Looking at the current queue structure, it appears that serial jobs can only be run on nodes with two single-cores. On these nodes, the memory is 2GB/core. You can run serial jobs that require more memory. If the job requires between 2 and 4GB, just request a two processor job from the 48 hour queue. If it requires between 4 and 12GB, use the parallel quad queue and request 8 processors on a single node. If it requires more than 12GB, then use the 64 GB node described above and request 8 processors.
| Type Of request | Lsf Command |
| A two processor job on the 48 hour queue | #BSUB q 48Hpar #BSUB n 2 #BSUB r span[ptile=2] |
| An eight processor job on the 48 hour parallel quad queue | #BSUB q 48Hquadpar #BSUB n 8 #BSUB r span[ptile=8] |
| A large memory job on the 64GB node | #BSUB q HiMem #BSUB n 8 #BSUB r span[ptile=8] |
For those of you with a historic perspective our fist HPC machine Pleione (purchased in 1999) was 100 times more expensive with less performance than this new 8-core machine.
Performance on new dual quad-core nodes:
On Hrothgar there are 64 nodes with two quad-core sockets. These eight core nodes are used for running parallel jobs. Several users have noticed that jobs on these nodes do not scale well from four to eight way parallel jobs. This is unfortunately the case for most jobs as the memory bandwidth (to the cores) did not double when Intel doubled the number of cores per processor. A major determinant of the performance is the physical layout in memory of the data for a given application. This is not something that the user has control over.

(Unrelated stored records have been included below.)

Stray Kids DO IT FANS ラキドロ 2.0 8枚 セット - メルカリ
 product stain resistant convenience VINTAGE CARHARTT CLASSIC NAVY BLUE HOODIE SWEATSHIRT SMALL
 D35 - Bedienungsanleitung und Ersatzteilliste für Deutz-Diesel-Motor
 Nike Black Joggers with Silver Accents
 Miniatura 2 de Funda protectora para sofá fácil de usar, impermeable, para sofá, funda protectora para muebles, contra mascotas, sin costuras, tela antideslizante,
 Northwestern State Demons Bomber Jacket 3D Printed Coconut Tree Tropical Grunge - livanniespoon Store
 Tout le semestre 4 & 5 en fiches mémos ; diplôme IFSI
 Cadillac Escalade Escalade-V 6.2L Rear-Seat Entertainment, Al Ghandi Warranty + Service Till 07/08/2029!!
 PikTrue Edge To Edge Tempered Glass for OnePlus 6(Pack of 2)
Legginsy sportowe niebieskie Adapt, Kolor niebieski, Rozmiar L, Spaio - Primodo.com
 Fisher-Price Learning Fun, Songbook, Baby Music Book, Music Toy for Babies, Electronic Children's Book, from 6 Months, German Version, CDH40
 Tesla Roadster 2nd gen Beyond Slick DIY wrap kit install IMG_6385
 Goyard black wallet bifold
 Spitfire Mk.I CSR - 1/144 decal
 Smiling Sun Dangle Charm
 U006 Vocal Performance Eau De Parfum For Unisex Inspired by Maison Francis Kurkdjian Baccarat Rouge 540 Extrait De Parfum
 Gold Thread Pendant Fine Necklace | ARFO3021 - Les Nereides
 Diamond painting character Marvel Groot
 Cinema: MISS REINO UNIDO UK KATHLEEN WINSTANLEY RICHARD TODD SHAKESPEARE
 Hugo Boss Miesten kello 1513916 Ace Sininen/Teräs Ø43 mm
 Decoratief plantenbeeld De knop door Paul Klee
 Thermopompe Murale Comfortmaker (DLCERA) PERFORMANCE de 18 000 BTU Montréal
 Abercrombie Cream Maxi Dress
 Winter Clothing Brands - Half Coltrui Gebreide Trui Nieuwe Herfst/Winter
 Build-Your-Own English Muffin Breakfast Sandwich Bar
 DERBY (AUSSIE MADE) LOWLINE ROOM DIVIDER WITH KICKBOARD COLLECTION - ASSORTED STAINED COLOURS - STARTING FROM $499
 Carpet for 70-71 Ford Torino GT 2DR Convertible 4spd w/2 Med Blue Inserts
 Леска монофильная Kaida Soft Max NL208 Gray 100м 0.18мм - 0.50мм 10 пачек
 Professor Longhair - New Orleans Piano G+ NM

Performance of dual quad cores on an MPI parallel computational chemistry code:
| Cores | Elapsed Time in Hours(Lower is better) |
| 1 | 5.6 |
| 2 | 3.1 |
| 4 | 1.8 |
| 8 | 1.6 |
The lack of scaling from 4 to 8 cores is due to the memory-to-core bottleneck that we have been discussing. It is interesting to note that if two copies of this application are run on 4 cores each of a dual quad core system then they both finish in 1.96 hours. We acknowledge the Bill Hase chemistry group and especially Dr. U. Louderaj for running these examples.